Data records:
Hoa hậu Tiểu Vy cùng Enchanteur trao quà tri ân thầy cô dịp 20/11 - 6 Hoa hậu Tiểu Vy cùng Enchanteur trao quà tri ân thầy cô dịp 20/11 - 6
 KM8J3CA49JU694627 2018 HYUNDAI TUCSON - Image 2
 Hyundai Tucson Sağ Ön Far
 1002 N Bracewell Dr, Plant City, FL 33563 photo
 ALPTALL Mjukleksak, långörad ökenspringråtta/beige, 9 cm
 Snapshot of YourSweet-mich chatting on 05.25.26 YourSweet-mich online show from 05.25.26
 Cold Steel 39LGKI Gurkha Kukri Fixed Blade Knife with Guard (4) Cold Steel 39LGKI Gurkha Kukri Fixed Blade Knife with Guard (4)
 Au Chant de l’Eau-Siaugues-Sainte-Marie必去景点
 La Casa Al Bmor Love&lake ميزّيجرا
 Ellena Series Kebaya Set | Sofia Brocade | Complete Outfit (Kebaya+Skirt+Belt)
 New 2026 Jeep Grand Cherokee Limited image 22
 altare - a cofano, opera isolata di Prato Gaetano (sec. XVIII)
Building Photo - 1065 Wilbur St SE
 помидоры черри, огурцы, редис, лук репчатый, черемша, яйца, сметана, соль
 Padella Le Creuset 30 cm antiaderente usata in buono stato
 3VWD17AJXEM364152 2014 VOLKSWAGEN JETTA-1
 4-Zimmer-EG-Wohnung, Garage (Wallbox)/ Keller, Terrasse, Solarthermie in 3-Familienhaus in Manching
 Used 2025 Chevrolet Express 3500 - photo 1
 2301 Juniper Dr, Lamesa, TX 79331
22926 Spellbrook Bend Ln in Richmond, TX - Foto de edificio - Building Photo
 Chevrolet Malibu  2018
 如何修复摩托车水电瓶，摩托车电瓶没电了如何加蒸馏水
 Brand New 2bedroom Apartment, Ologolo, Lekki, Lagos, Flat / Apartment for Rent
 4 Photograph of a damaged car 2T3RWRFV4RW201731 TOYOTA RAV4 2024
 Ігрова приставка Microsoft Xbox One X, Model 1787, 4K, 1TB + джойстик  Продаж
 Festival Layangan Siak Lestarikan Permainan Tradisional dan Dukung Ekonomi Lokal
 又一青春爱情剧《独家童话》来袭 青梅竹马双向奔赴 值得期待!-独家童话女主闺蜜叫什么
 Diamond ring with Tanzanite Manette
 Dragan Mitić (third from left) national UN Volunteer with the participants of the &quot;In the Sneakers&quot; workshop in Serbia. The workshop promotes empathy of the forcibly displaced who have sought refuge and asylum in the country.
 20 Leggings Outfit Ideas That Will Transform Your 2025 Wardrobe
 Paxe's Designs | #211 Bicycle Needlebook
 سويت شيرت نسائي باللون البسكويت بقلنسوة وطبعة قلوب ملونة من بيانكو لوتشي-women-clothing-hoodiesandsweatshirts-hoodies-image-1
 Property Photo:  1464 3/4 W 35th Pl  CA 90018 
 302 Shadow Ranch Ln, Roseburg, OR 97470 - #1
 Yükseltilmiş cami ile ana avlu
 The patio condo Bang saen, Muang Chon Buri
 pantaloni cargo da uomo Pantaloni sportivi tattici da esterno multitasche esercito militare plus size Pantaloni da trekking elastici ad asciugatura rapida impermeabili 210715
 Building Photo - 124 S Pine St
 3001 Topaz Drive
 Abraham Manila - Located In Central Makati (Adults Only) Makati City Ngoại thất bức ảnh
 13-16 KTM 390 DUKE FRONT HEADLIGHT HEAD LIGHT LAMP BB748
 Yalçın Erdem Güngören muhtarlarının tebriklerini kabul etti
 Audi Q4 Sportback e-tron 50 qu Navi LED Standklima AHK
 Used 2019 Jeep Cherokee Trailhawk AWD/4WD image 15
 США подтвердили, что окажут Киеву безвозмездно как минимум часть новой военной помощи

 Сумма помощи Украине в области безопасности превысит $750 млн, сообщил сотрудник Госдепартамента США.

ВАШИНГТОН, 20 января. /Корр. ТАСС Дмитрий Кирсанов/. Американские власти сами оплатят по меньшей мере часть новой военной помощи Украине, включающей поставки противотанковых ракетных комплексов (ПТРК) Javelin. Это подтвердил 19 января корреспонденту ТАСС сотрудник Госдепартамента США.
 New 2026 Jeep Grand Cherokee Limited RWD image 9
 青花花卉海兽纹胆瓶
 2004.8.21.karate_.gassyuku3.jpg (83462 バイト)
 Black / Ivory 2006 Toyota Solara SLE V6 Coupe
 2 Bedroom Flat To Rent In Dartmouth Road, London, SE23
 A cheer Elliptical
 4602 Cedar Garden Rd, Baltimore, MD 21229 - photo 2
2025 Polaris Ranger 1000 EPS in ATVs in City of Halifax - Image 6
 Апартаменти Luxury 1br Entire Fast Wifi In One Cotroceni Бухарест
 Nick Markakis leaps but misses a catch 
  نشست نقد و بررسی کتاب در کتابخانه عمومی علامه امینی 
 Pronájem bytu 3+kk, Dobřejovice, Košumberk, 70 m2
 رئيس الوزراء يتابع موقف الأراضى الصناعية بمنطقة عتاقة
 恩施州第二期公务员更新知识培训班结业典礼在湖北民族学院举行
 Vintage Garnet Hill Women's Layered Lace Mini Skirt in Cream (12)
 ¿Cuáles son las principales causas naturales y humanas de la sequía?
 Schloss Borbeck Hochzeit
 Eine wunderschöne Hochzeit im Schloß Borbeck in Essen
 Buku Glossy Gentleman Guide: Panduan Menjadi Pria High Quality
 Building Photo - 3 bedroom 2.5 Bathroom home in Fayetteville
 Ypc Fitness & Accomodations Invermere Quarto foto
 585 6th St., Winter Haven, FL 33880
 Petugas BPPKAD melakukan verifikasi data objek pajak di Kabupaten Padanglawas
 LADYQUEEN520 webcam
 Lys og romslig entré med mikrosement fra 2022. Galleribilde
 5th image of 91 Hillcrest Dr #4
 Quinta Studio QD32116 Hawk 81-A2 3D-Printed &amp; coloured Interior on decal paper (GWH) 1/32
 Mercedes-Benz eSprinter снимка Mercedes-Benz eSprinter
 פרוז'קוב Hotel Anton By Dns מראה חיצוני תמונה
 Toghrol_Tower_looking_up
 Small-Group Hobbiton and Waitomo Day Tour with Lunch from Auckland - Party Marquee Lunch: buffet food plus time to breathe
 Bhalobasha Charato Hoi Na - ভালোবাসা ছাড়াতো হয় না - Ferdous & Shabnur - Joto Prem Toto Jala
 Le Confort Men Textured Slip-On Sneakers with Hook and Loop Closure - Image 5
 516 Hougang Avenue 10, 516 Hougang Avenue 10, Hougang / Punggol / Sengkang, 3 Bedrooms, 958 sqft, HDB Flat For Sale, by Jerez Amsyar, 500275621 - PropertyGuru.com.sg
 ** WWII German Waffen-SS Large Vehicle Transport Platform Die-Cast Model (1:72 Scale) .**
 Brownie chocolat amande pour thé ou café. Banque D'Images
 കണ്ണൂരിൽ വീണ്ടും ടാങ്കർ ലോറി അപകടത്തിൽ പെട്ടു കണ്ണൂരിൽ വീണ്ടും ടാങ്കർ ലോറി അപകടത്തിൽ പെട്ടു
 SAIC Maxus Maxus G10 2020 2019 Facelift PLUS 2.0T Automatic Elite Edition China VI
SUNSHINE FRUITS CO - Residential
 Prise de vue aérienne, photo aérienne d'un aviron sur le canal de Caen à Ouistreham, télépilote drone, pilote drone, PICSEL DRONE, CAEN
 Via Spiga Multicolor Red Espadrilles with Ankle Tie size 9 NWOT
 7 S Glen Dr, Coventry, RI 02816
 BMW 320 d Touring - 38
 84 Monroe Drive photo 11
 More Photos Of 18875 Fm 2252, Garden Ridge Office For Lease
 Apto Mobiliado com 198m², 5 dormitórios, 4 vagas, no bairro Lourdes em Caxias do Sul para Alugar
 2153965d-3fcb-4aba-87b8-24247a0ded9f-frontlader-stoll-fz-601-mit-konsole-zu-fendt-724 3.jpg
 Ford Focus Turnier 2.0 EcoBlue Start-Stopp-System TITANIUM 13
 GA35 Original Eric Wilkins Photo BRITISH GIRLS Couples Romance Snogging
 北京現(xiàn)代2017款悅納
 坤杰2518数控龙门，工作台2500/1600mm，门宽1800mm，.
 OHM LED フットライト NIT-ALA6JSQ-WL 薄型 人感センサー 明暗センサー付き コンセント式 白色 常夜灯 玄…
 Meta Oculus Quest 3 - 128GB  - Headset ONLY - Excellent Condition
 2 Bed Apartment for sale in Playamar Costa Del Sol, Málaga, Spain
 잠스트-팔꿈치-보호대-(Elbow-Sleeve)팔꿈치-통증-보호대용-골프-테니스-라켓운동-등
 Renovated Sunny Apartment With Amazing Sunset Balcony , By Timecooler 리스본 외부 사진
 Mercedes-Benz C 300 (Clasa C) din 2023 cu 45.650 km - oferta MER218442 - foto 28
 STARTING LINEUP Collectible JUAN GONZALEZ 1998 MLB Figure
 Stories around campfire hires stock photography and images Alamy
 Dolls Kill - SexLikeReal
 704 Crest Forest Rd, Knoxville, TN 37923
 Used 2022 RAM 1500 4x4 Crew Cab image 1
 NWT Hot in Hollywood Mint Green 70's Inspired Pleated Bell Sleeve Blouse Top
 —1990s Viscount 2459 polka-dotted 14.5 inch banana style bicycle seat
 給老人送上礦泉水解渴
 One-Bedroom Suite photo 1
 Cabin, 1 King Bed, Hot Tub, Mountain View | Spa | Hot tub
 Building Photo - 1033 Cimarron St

> **Exercise objective**:
Could you set down, exactly as written, the lines above between the one holding "Black / Ivory" and the one holding "恩施州第二期公务员更新知识培训班结业典礼在湖北民族学院举行", inclusive, and nothing more?

> **Problem solution**:
 Black / Ivory 2006 Toyota Solara SLE V6 Coupe
 2 Bedroom Flat To Rent In Dartmouth Road, London, SE23
 A cheer Elliptical
 4602 Cedar Garden Rd, Baltimore, MD 21229 - photo 2
2025 Polaris Ranger 1000 EPS in ATVs in City of Halifax - Image 6
 Апартаменти Luxury 1br Entire Fast Wifi In One Cotroceni Бухарест
 Nick Markakis leaps but misses a catch 
  نشست نقد و بررسی کتاب در کتابخانه عمومی علامه امینی 
 Pronájem bytu 3+kk, Dobřejovice, Košumberk, 70 m2
 رئيس الوزراء يتابع موقف الأراضى الصناعية بمنطقة عتاقة
 恩施州第二期公务员更新知识培训班结业典礼在湖北民族学院举行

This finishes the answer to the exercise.